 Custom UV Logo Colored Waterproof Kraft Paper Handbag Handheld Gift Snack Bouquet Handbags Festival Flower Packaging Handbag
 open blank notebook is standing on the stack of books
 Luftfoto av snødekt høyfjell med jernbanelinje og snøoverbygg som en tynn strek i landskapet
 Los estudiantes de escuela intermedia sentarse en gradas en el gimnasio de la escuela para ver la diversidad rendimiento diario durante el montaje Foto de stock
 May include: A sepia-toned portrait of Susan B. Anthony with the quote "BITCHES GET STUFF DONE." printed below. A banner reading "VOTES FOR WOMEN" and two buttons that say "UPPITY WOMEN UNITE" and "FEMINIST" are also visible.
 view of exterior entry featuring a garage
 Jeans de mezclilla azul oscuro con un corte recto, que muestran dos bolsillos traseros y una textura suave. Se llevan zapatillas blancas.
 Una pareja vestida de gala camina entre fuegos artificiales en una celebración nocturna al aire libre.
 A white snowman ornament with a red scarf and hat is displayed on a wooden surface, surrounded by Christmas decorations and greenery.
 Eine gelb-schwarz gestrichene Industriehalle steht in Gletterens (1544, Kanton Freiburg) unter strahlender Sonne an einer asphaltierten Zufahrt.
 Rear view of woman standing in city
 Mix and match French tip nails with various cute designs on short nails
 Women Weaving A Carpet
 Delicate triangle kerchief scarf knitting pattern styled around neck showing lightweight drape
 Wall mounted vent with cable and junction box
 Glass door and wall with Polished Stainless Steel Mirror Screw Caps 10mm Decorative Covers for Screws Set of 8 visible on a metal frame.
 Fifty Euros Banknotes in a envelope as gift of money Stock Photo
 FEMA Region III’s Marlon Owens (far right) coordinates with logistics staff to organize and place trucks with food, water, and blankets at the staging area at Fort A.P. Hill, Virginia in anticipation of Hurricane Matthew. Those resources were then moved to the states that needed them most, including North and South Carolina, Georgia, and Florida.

» ACTIVITY
Please state how many lines in the data contain the word "standing", giving only that number.

» WRITTEN ANSWER
2